● **ENTRIES SUPPLIED**
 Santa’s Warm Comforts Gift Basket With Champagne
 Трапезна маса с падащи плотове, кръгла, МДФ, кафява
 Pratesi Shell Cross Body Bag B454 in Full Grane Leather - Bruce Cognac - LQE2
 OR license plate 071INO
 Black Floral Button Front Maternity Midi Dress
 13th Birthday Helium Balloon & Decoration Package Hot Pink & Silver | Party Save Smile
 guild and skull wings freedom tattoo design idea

==

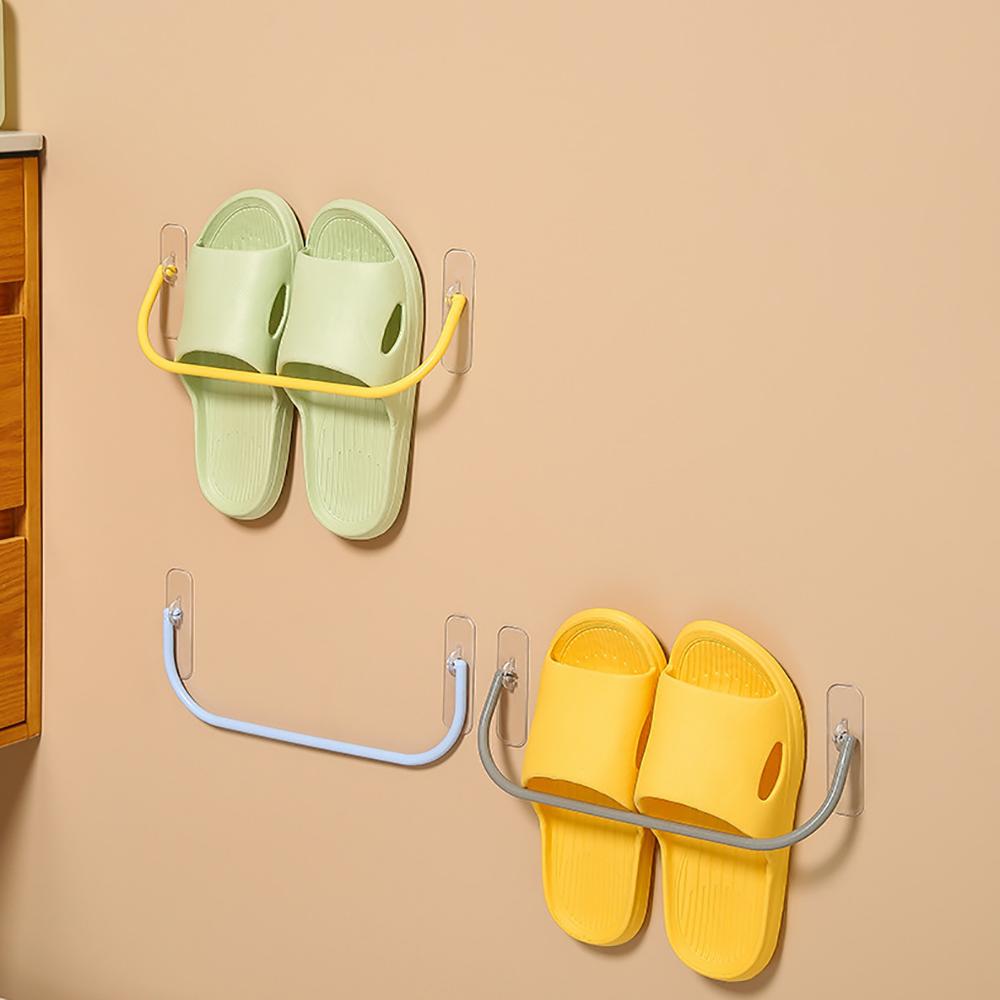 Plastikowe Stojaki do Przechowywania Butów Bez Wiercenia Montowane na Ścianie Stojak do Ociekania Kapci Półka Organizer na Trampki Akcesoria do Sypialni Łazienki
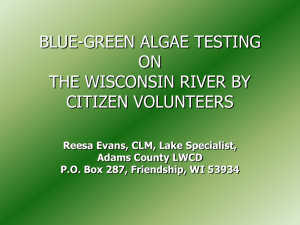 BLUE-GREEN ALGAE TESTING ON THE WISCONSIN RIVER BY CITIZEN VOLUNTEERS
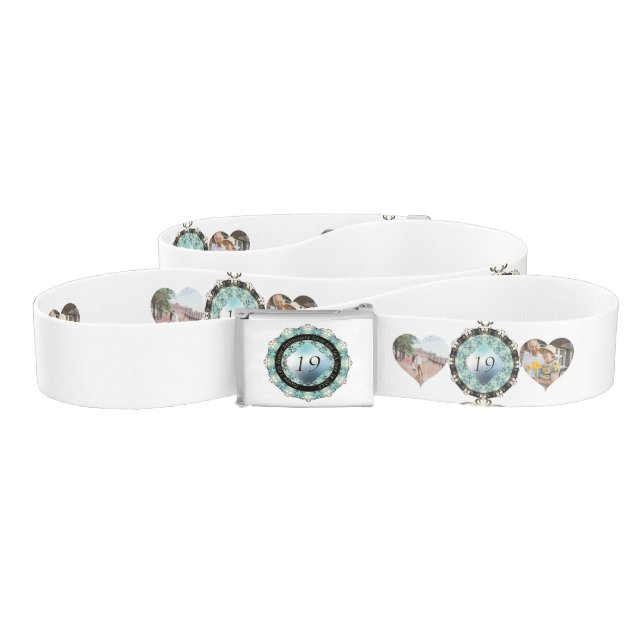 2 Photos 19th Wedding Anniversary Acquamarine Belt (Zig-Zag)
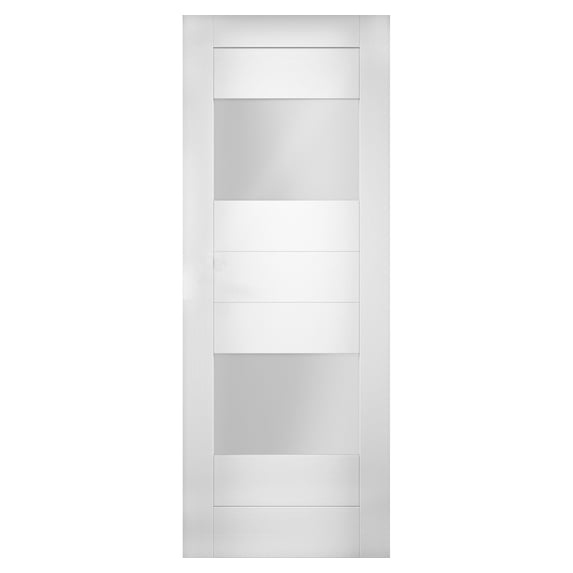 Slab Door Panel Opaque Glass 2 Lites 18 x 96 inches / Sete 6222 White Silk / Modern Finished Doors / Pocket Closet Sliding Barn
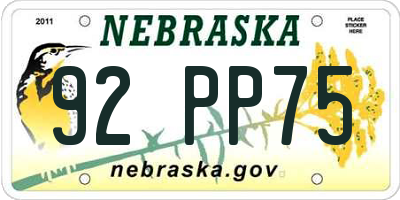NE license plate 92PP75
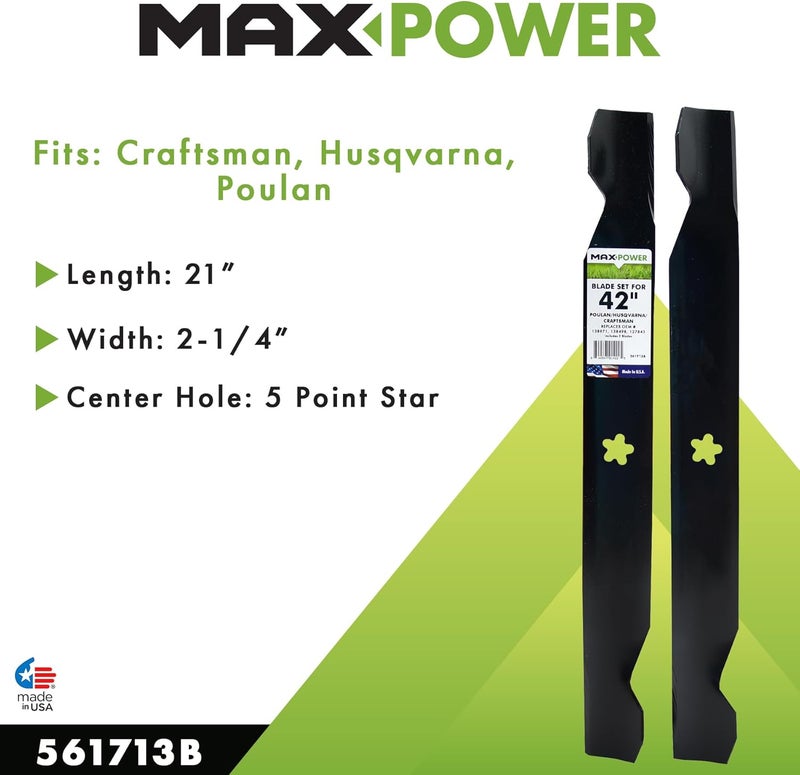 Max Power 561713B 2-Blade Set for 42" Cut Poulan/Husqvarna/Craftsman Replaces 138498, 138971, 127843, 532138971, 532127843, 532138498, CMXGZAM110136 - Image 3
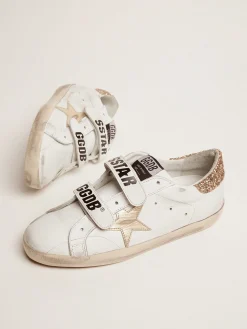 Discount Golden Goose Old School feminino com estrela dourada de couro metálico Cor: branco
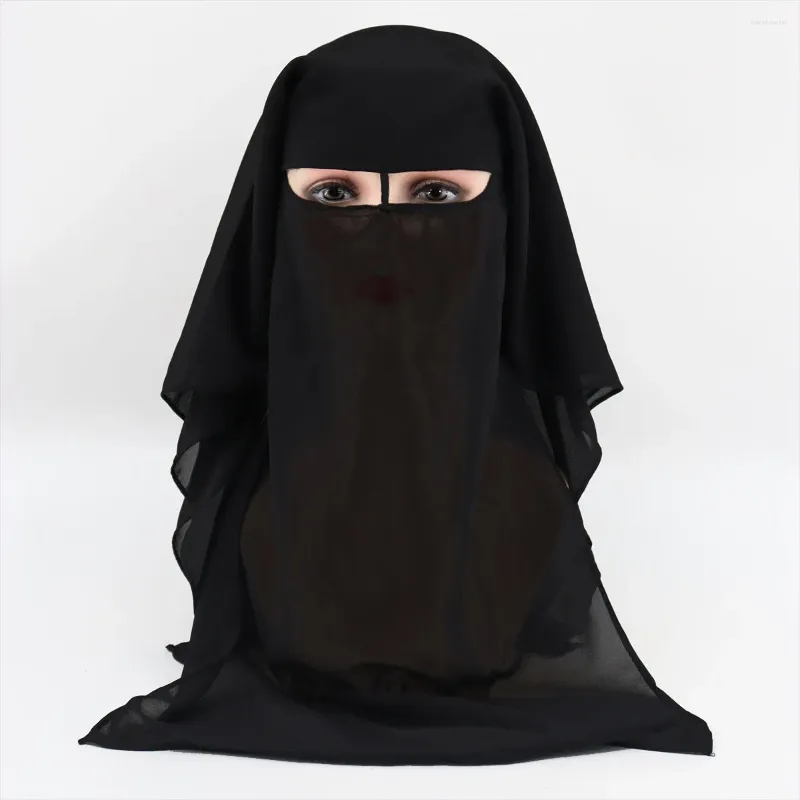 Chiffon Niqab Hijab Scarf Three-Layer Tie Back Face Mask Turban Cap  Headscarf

● **WHAT TO WORK ON**
Only one stretch of the entries above is wanted: the lines from the one containing "Pratesi Shell Cross" through the one containing "guild and skull". Please reproduce it exactly.

● **RESPONSE**
 Pratesi Shell Cross Body Bag B454 in Full Grane Leather - Bruce Cognac - LQE2
 OR license plate 071INO
 Black Floral Button Front Maternity Midi Dress
 13th Birthday Helium Balloon & Decoration Package Hot Pink & Silver | Party Save Smile
 guild and skull wings freedom tattoo design idea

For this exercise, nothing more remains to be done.